**WORK ORDER**
Please reproduce every record exactly as written, leaving out the pictures.

**INPUT RECORDS**
- Opening Delimiter -

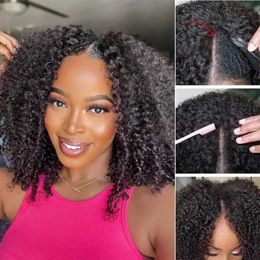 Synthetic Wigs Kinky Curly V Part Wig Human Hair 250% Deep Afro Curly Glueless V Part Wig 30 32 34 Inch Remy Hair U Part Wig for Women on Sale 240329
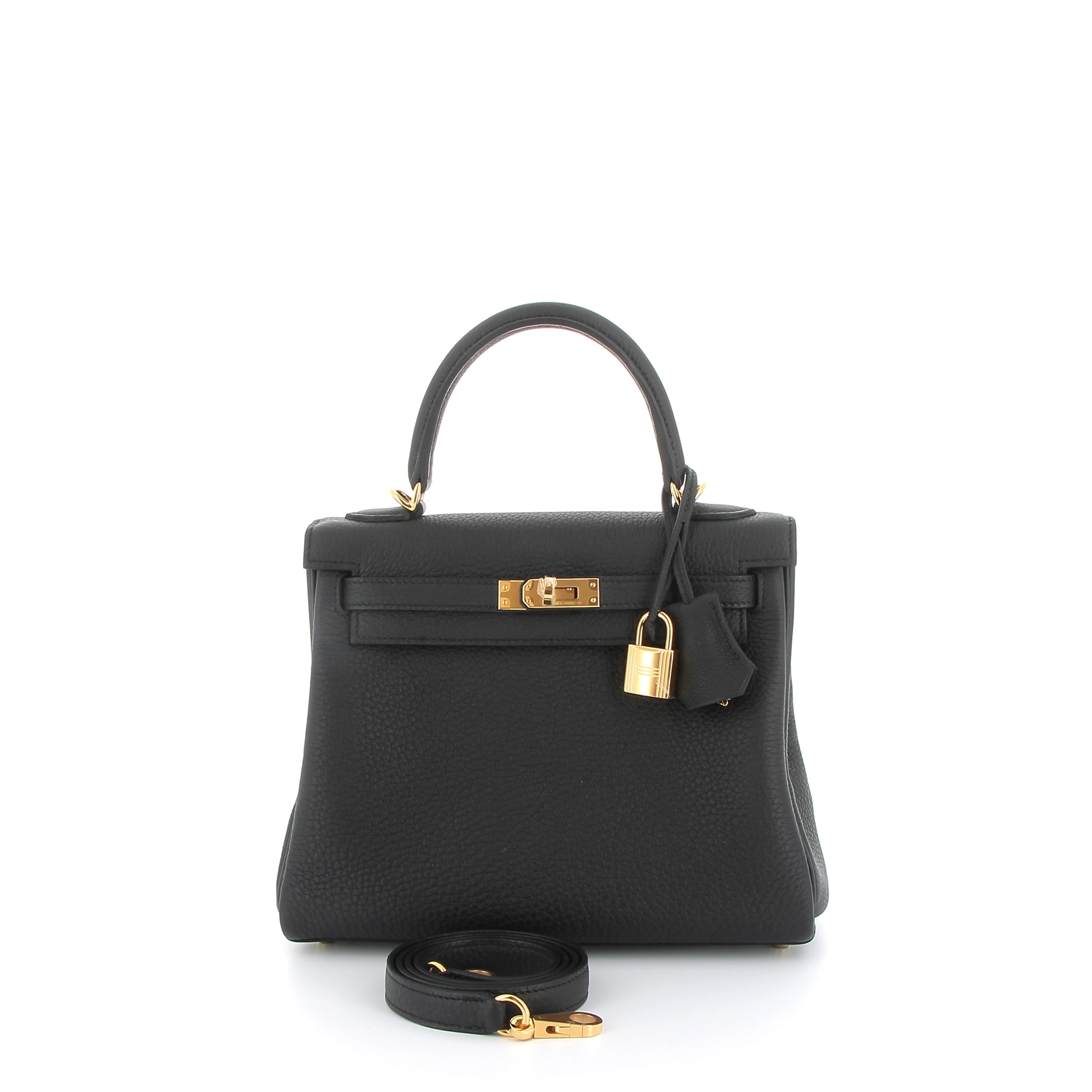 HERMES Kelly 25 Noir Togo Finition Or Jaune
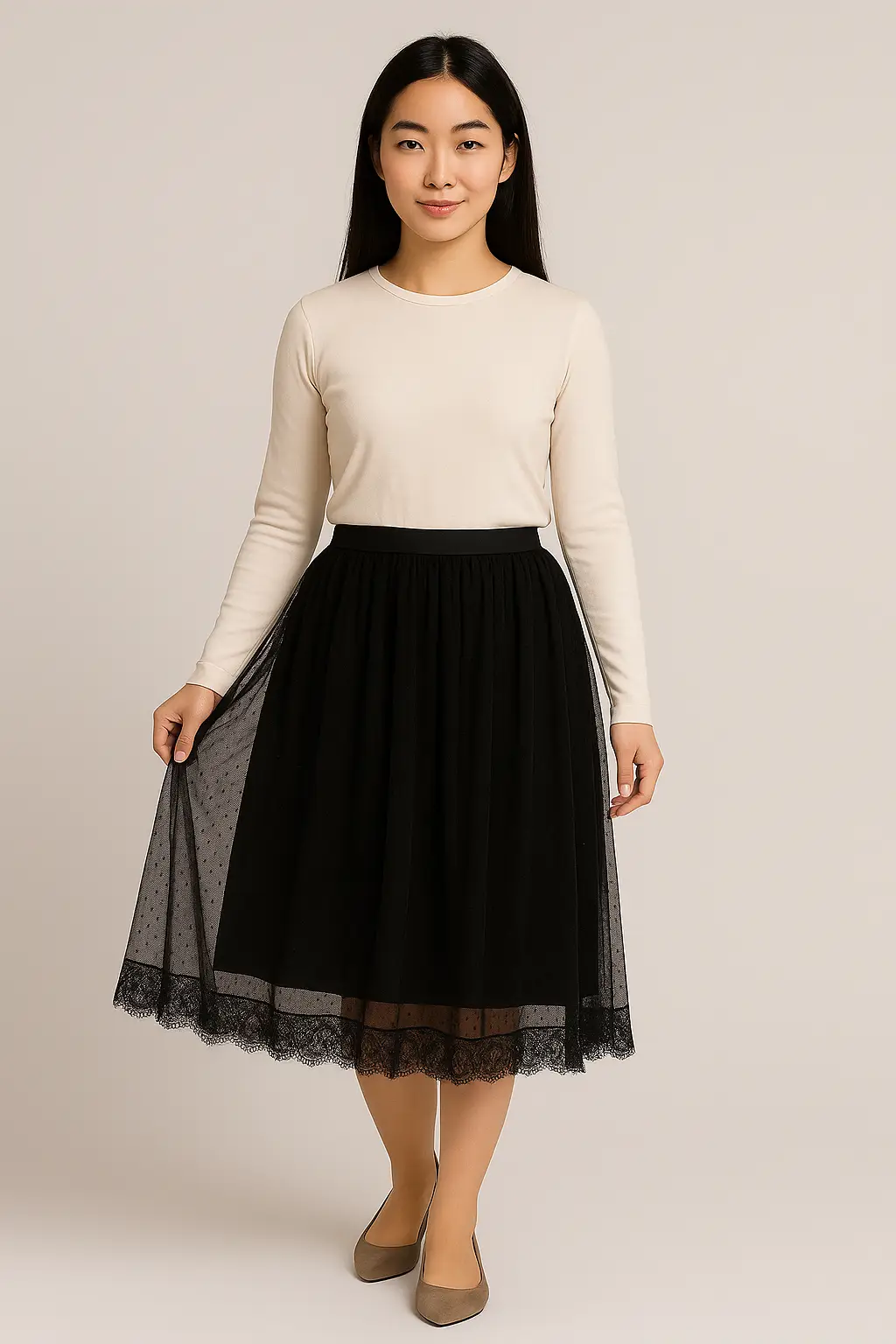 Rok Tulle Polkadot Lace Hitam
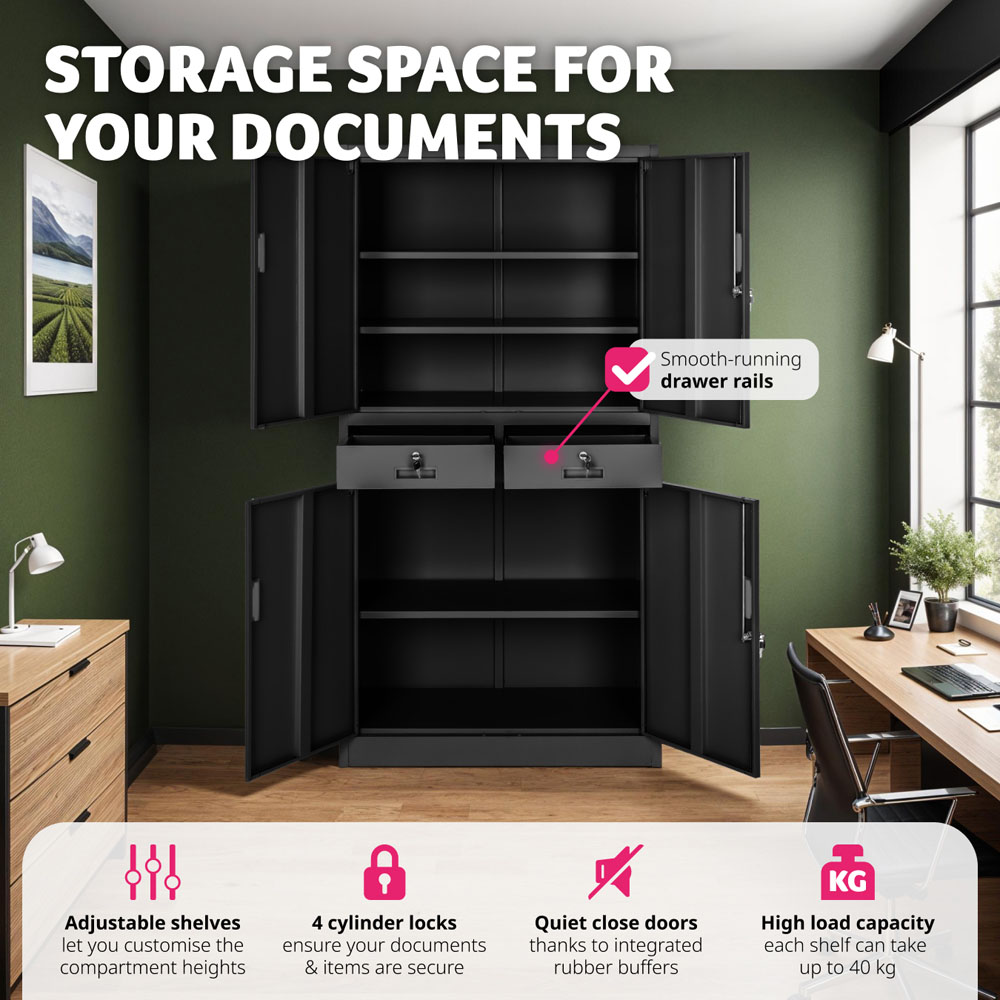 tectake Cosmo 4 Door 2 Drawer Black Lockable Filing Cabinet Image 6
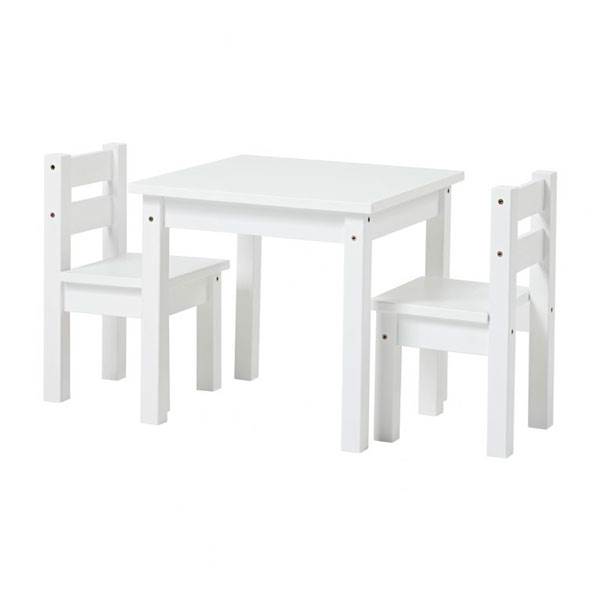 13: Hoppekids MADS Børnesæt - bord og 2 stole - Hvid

- Closing Delimiter -

**WRITTEN REPLY**
 Synthetic Wigs Kinky Curly V Part Wig Human Hair 250% Deep Afro Curly Glueless V Part Wig 30 32 34 Inch Remy Hair U Part Wig for Women on Sale 240329
 HERMES Kelly 25 Noir Togo Finition Or Jaune
 Rok Tulle Polkadot Lace Hitam
 tectake Cosmo 4 Door 2 Drawer Black Lockable Filing Cabinet Image 6
 13: Hoppekids MADS Børnesæt - bord og 2 stole - Hvid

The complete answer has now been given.